The trees are all spectacular, but I was anxious to see the Rockefeller forest. I read in David Rockefeller's Memoir (a must-read book) that in 1930, a large tract of giant redwoods was about to be cut for lumber and there was an urgent - and to that time, hopeless - need for a donor to save the trees as it contain 100 giants of which 40 were among the world's tallest trees. The Rockefellers immediately provided $2 Million: a lot of money in 1930, which was matched by the State and saved 10,000 acres on Bull Creek from destruction by the Pacific Lumber company.
The 2nd and 3rd photos are part of the Rockefeller tract. In one there is a falling trunk across the center of the photo, and you can see two new trunks growing bravely skyward right out of the falling tree truck.
The tree stump I am shown in front of was more than 2,000 years old when it fell, and that was more than 500 years ago.
That old Chandelier is the one of millions of postcards where cars drive through a tree. As the nice the lady in the gift store had nothing better to do (I was the only one in the vicinity - she was trapped with me) I asked her what creatures inhabit the large redwoods? She said Wild Turkeys - and they have a lot of them there. I was surprised at that, although I had thought the redwoods, though majestic did not do a lot for forest animals. She said they have some deer in the area, but they never grow to be v. large or old as the coyotes, wolves and bears get them. Maybe I missed something, but you might think that turkeys which nest on the ground would almost be more endangered by such predators than even swift footed deer.
Hill billies so close to sophisticated SF. I stayed overnight in a nice Marriot in Novato - about an hour in heavy traffic north of the Golden Gate bridge.
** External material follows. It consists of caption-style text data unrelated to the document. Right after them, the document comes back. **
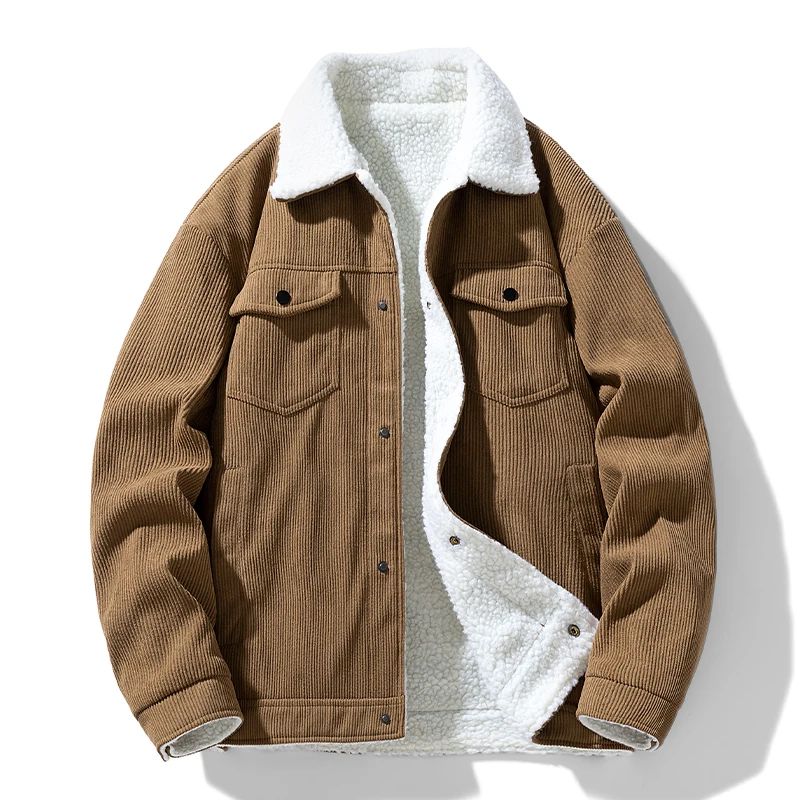 Herrenjacken und -mäntel, modisch, warm, Cord, dicke Mäntel, 2024, Wintermode, Herrenmäntel, Daunenjacken, Herren-Baumwollkleidung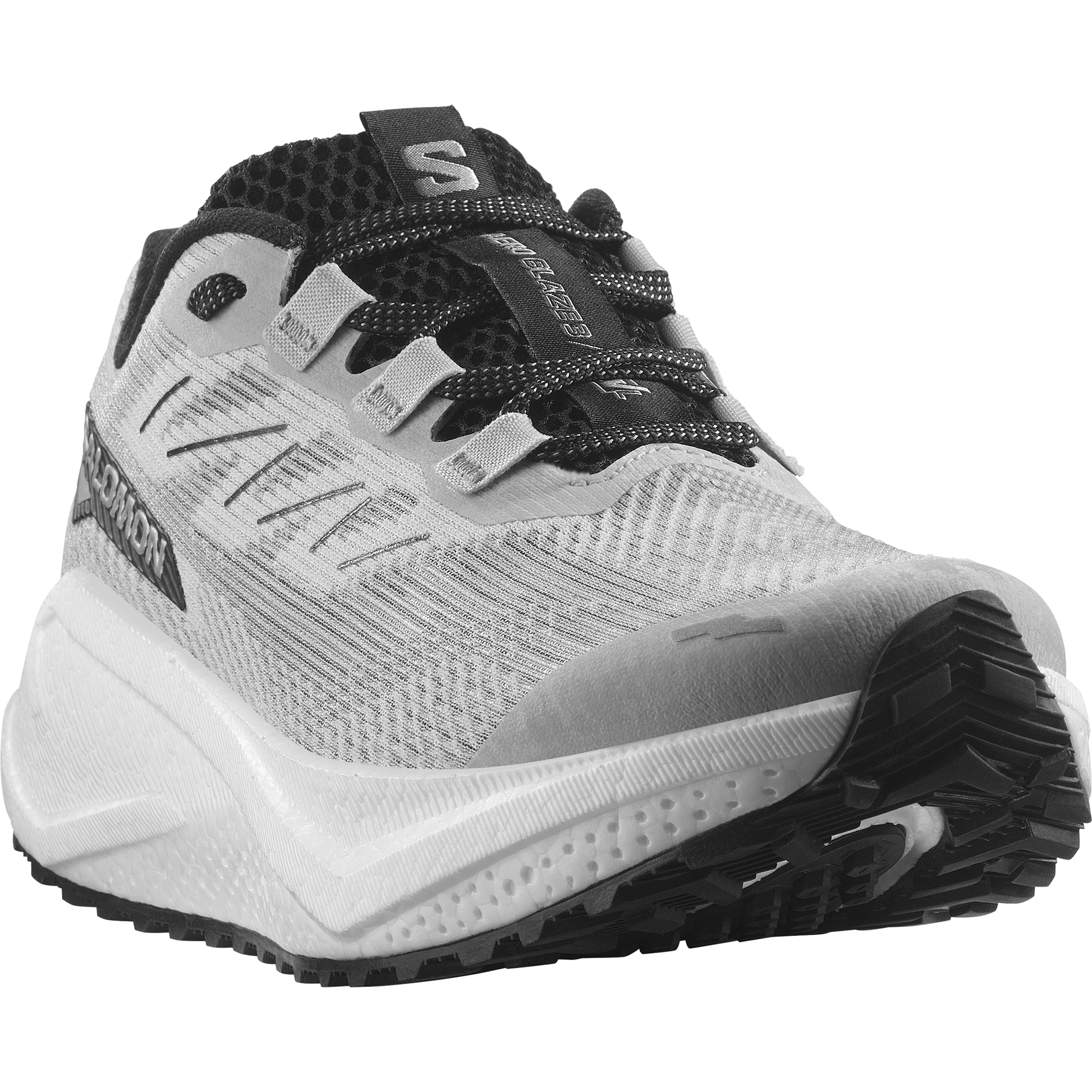 SALOMON 男 AERO BLAZE 3 GRVL 全地形跑鞋 月球岩灰/白/黑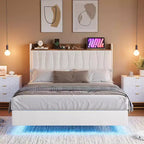 Lit plateforme flottant avec tête de lit, lumières LED et ports de charge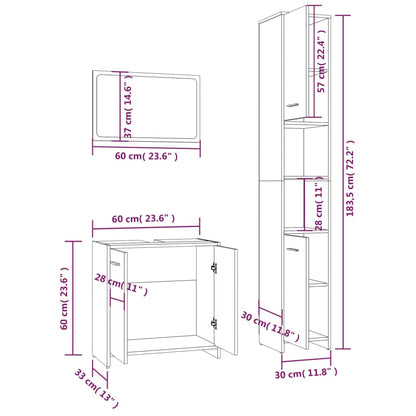 Set Mobili da Bagno 3 pz Rovere Fumo in Legno Multistrato | homemem39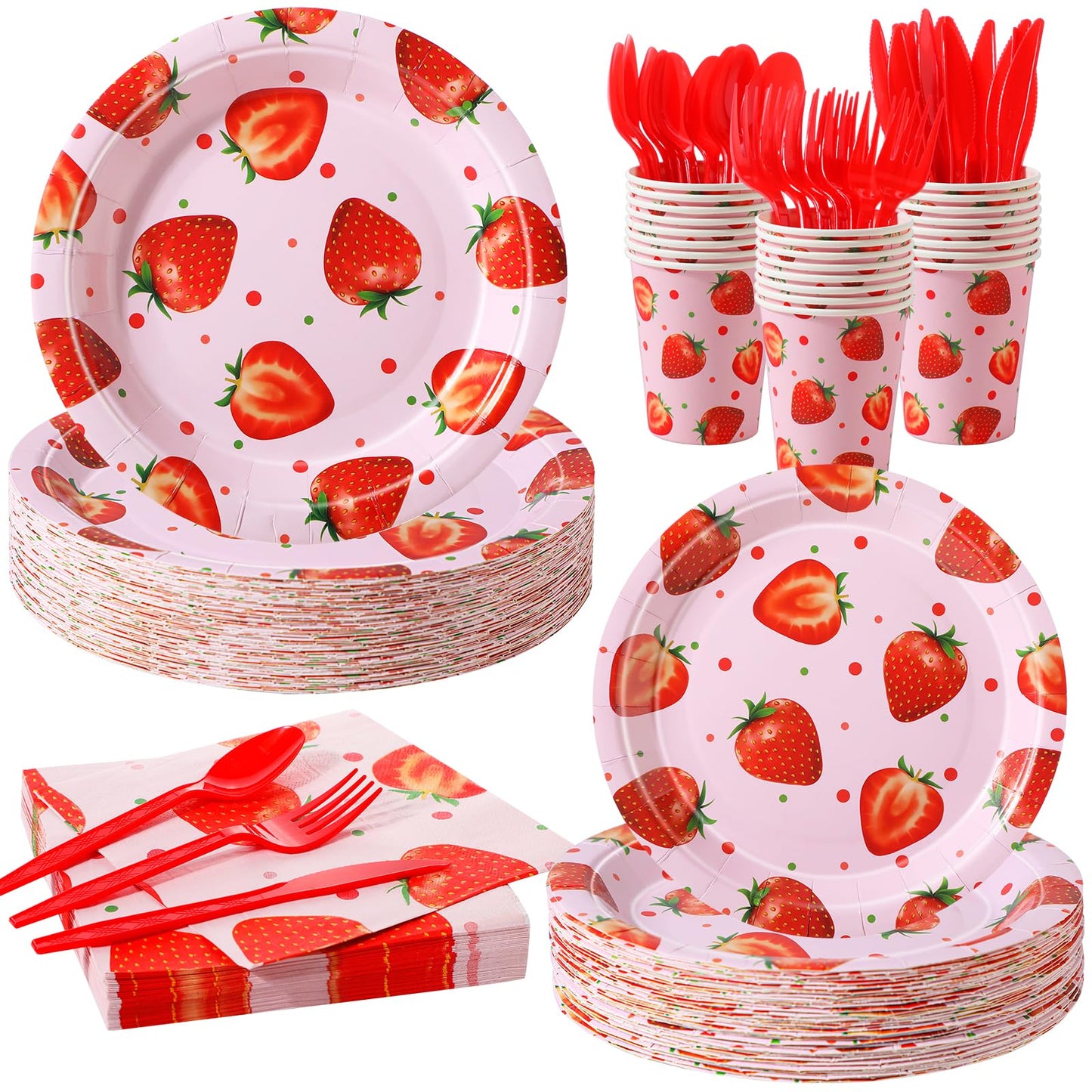 Ziliny 350 Pcs Strawberry Party Supplies Tableware Set Disposable 9   7   Paper Plates 9 oz Cups Cutlery Napkins Dinnerware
It seems to be a tech city. But once you go N - E. or West from there, it is quite astonishing that you are so close to Silicon Valley, Stanford, one of the greatest universities in the world and a great modern city like SF, and you find yourself immersed in hill billies. Now there are some major crops of oranges and vegetables there, so there must be some farmers or agriculturists, but all I encountered for days were out and out hill billies. They were happy and pleasant hill billies, true, but they all could have been existing 100 years ago if deprived of their Ford F-150's and their "Hullo, yeah, yeah, ok, yeah, Bye" cell phones. Maybe I read too much Cormack McCarthy and then just finished The Englishman's boy as well, but although seemed quiescent, almost inert, I could not help but expect that they would burst out of the Main Street pasta bistro, form up a F-150 posse and ride off the put down yet another injun rebellion. I must admit I did not see any apparent injuns there, so maybe they have co-opted or been abolished.
I did not see the word Library for the few days I was there, and there must have been a legit bookstore (not just tourist lit) somewhere, although I did not see one. That is lumbering and mining country, but I saw little of either - although one does see loads of cut redwood lumber heading south every hour or so.